For more complex selection, use match_regex:

from hessian_eigenthings.param_utils import match_regex

# All Q/K/V matrices in any block
qkv_op = HessianOperator(
    model=model,
    dataloader=loader,
    loss_fn=loss_fn,
    param_filter=match_regex(r"blocks\.\d+\.attn\.W_[QKV]"),
)

Custom filter

param_filter is just a Callable[[str, nn.Parameter], bool]. You can write any predicate:

def big_layers_only(name: str, param) -> bool:
    return param.numel() > 1_000_000

op = HessianOperator(
    model=model, dataloader=loader, loss_fn=loss_fn,
    param_filter=big_layers_only,
)

What gets fixed

Parameters not selected by param_filter are treated as constants for the purpose of the operator — the Jacobian-vector product flows through them but their derivatives are not part of the matvec output. Buffers (BN running stats, etc.) are similarly fixed.

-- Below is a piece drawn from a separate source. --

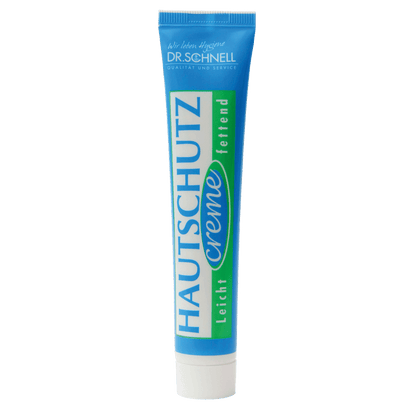 A tube from DR.SCHNELL GmbH & Co. KGaA DR.SCHNELL'S SKIN PROTECTION CREAM (50 x 50 ml) in the colors blue, green, and white is labeled in German, identifying it as a light protective cream for the skin.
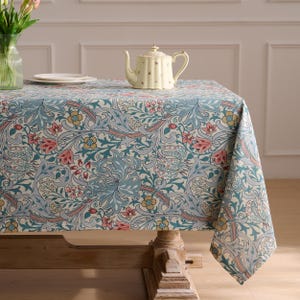 May include: A rectangular tablecloth featuring a dense, intricate botanical pattern of scrolling blue leaves, pink flowers, and yellow blossoms on a cream background. The fabric drapes over a wooden table, with a cream-colored teapot placed on top.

If you also want to freeze the gradients of unselected params at training time, set param.requires_grad_(False) on the model — the operator skips frozen params automatically.

Why this is useful

  • Per-block sharpness studies (attention vs MLP). Liu et al. 2025.
  • Curvature of just the LM head, or just the embedding matrix.
  • Splitting a giant Hessian into smaller diagonal blocks for an approximate analysis.

Limitations

  • The filter must select at least one parameter — empty selection raises ValueError.
  • Cross-parameter cross-derivatives between selected and unselected params are not exposed. The operator gives the Hessian block corresponding to the selected params, not the full Hessian projected onto a subspace.